[DATASET EXTRACT]:
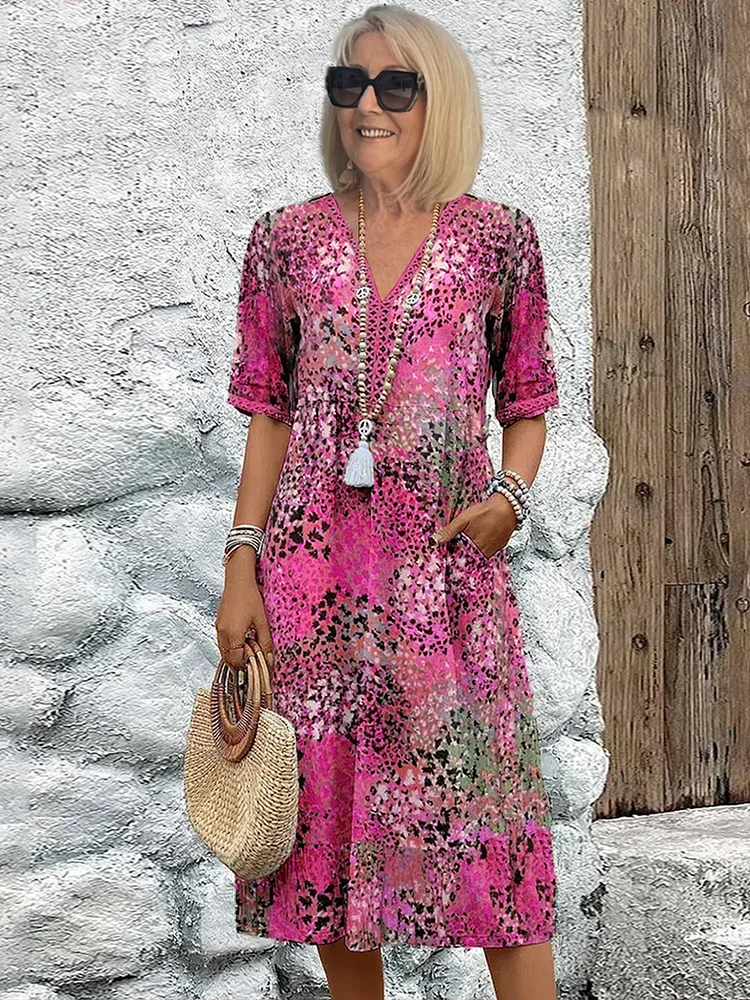 MW | Schmeichelndes Midi-Kleid für mühelose Insel-Eleganz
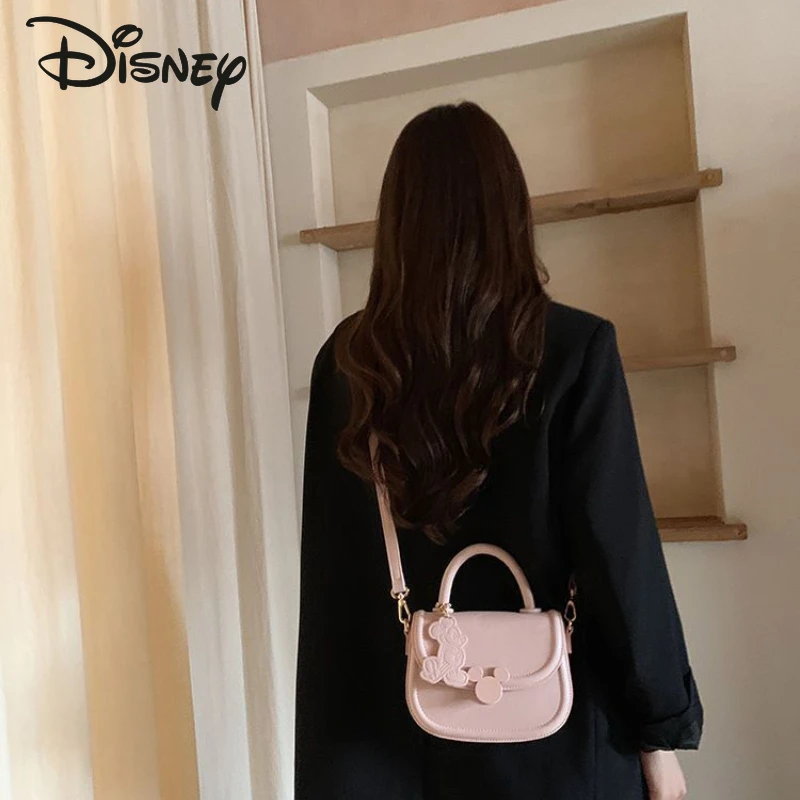 Disney Mickey's New Women's Crossbody Bag Fashionable and Premium Solid Shoulder Bag Small Fresh and Versatile Women's Handbag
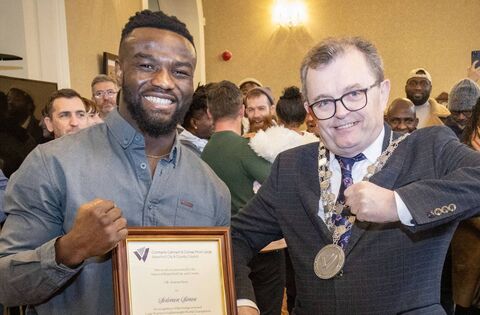 Waterford MMA fighter Solomon Simon honoured with Mayoral Reception - News - Waterford News & Star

[TASK GOAL]: Reproduce each line above exactly, but not a single picture.

[SOLUTION TO THIS EXERCISE]:
 MW | Schmeichelndes Midi-Kleid für mühelose Insel-Eleganz
 Disney Mickey's New Women's Crossbody Bag Fashionable and Premium Solid Shoulder Bag Small Fresh and Versatile Women's Handbag
 Waterford MMA fighter Solomon Simon honoured with Mayoral Reception - News - Waterford News & Star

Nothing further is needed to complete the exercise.